My mission will be to teach the confidence to find the high road. To teach to be strong, to be kind, and to be compassionate even when it is difficult. Having a sister will make you stronger. There is a special relationship between siblings and I think the bond between sisters is the strongest. If you stick together and build each other up, you will both be better women.

I love you, sweet baby girls!

Mommy

Thursday, January 10, 2013

Paci no more

Over the last couple of days, we have been working on the de-pacification of our house. You are both much too old to still have a paci. But you are attached and your dad and I have not pushed it. I think every parent has their Achilles heel. Ours happens to be standing firm on the paci thing. Last night, Alyssa, you went your first full night without it. We are so proud. We know it could not have been easy. You have had paci with you every night of your little life. Anna, today is your day. It is almost like you know it is coming. You have been clinging to that paci with all your might for the last couple of days.


Fun stuff you are saying:

Alyssa, you taught Anna to say “Poopyhead” and she says it all the time.

Anna, you say “What’s that?” about a million times a day.

What you like?

Baby dolls, baby dolls, baby dolls. We have about a thousand of them and they are all in Alyssa’s room. You love to arrange them all over the place and say they are sleeping.

Books. Anna you haul books all over the place and ask us to read them.

Wednesday, August 22, 2012

Time Flies

Dear Jordan,


It seems like only yesterday, you were 5 and crawling under the table at Texas Roadhouse to sit next to me. Now you are a senior in high school. You are always on my mind and you have been on my mind even more the last few weeks. What should be such an exciting time for you has become a little f----d up. It sucks.

I am not going to pretend to know this exact situation is like. I have no idea, but I can empathize with you. I know it is a hard situation. I will say this….I have been disappointed and hurt by family. In my experience, the people we love often do thinks that scare us, embarrass us, anger us, and sadden us. It may make us feel guilty. It may make us look at ourselves to see what we did wrong (nothing usually as the decision was theirs, not ours). And our love for them does not take away our right to be angry with them. We can be upset and we can set boundaries. You are only responsible for your own actions. You are not responsible for the actions of others. You do have to work to forgive. If you don’t, it will eat you up inside.

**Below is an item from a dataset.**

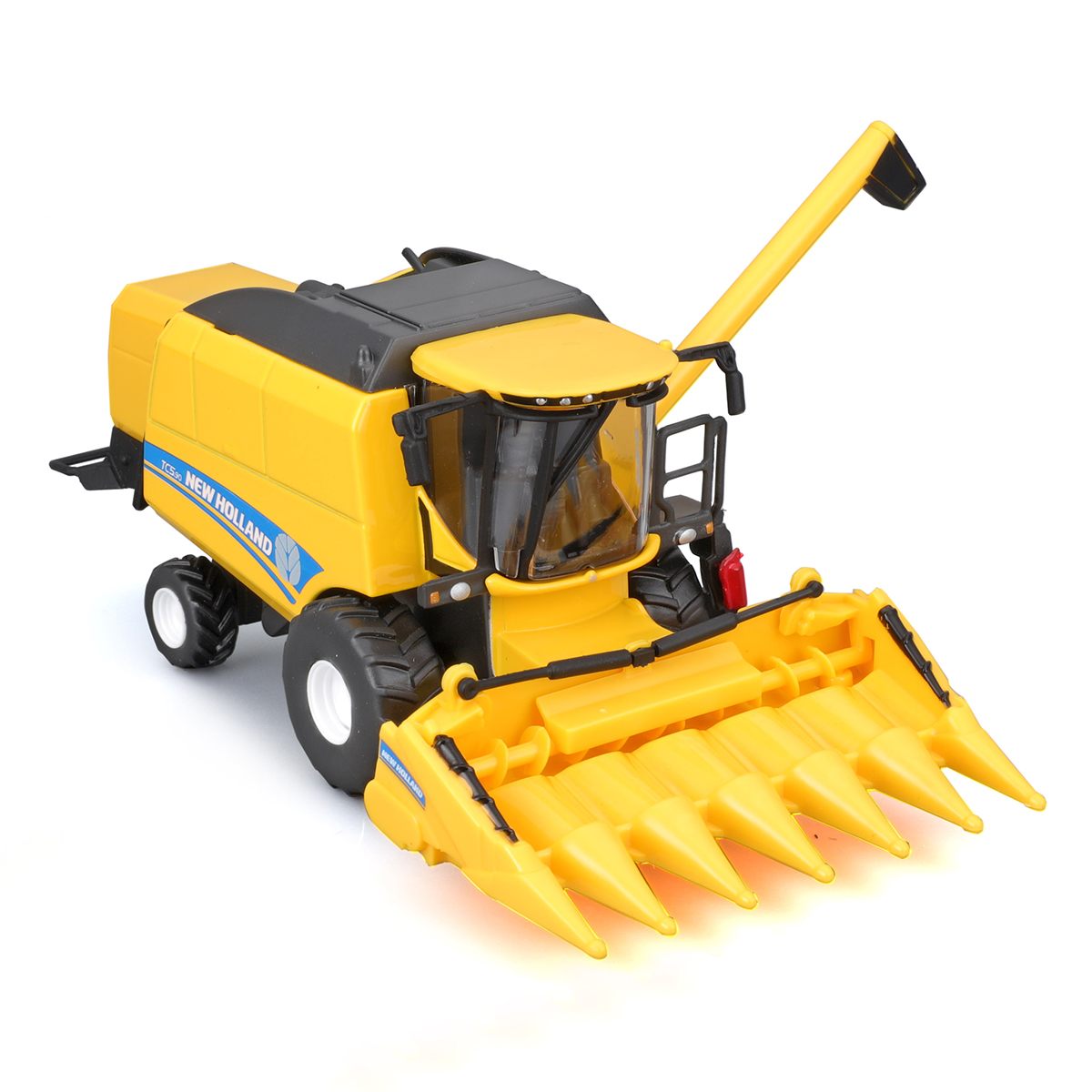 Автомодель Bburago New Holland TC5.90 зернозбиральний комбайн з жаткою 18 см Жовто-чорний — превʼю 5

These situations should not make the decisions we make for ourselves any different. Over the next year, you are going to making lots of decisions – not the least of which is what you want the next chapter in your life to be. Seek the advice of those you love, listen to all viewpoints, but ultimately the decision of your future has to be made by you. Ultimately, you are the one who has to live your life. Make it a good one. And remember, your dad and I will always have a room in our home for you.

As you start your senior year, my only advice is stop and breath. It seems like one minute I was a high school senior, then the next breath a college freshman, and then in the next breath I was working in the “real world”.